* [WHAT THE TASK REQUIRES] All entries must be repeated exactly. No picture should appear in the result.

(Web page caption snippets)
★ ★ ★
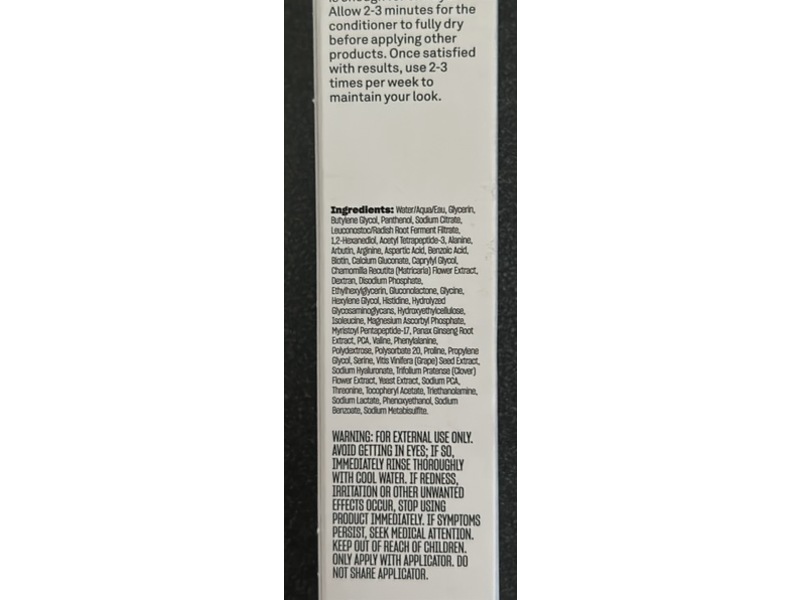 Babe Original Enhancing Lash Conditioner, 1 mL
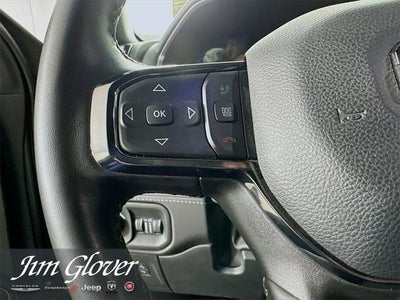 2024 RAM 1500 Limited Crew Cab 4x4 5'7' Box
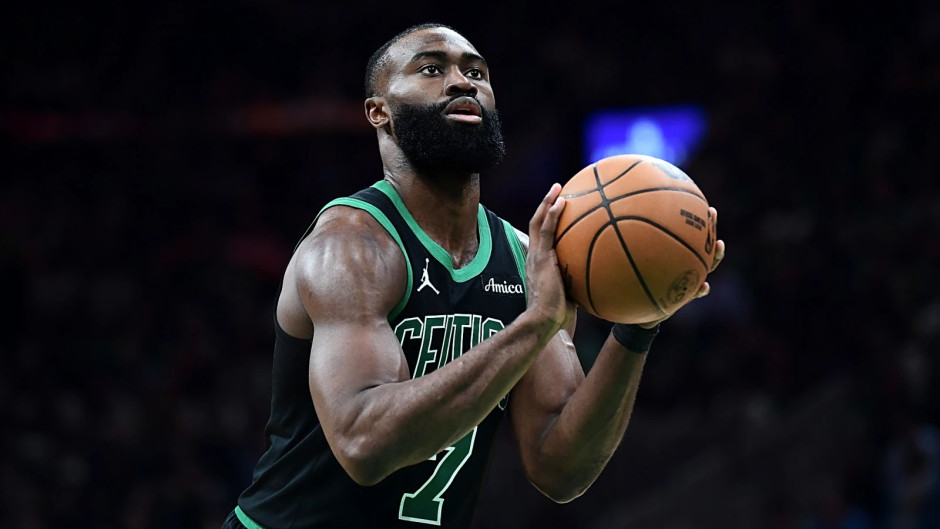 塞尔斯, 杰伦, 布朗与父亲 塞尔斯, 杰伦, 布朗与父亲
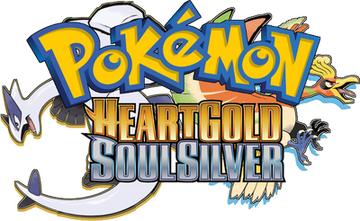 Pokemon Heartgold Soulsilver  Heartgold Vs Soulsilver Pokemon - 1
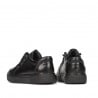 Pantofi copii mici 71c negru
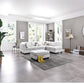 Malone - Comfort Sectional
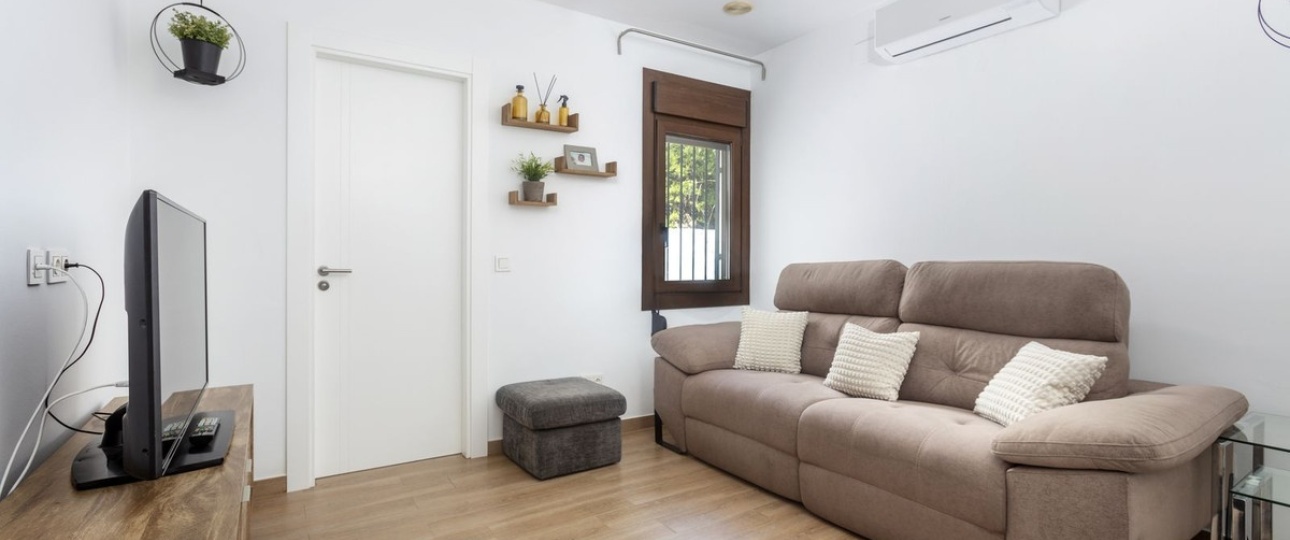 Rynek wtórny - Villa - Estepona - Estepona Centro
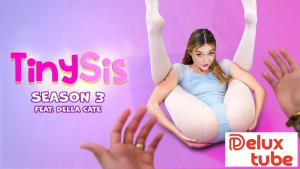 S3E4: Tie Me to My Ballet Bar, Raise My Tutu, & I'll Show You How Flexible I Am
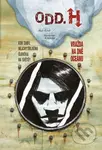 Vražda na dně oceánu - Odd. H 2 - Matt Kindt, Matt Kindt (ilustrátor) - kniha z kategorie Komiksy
★ ★ ★
* [REPLY TO THE EXERCISE]
 Babe Original Enhancing Lash Conditioner, 1 mL
 2024 RAM 1500 Limited Crew Cab 4x4 5'7' Box
 塞尔斯, 杰伦, 布朗与父亲 塞尔斯, 杰伦, 布朗与父亲
 Pokemon Heartgold Soulsilver  Heartgold Vs Soulsilver Pokemon - 1
 Pantofi copii mici 71c negru
 Malone - Comfort Sectional
 Rynek wtórny - Villa - Estepona - Estepona Centro
 S3E4: Tie Me to My Ballet Bar, Raise My Tutu, & I'll Show You How Flexible I Am
 Vražda na dně oceánu - Odd. H 2 - Matt Kindt, Matt Kindt (ilustrátor) - kniha z kategorie Komiksy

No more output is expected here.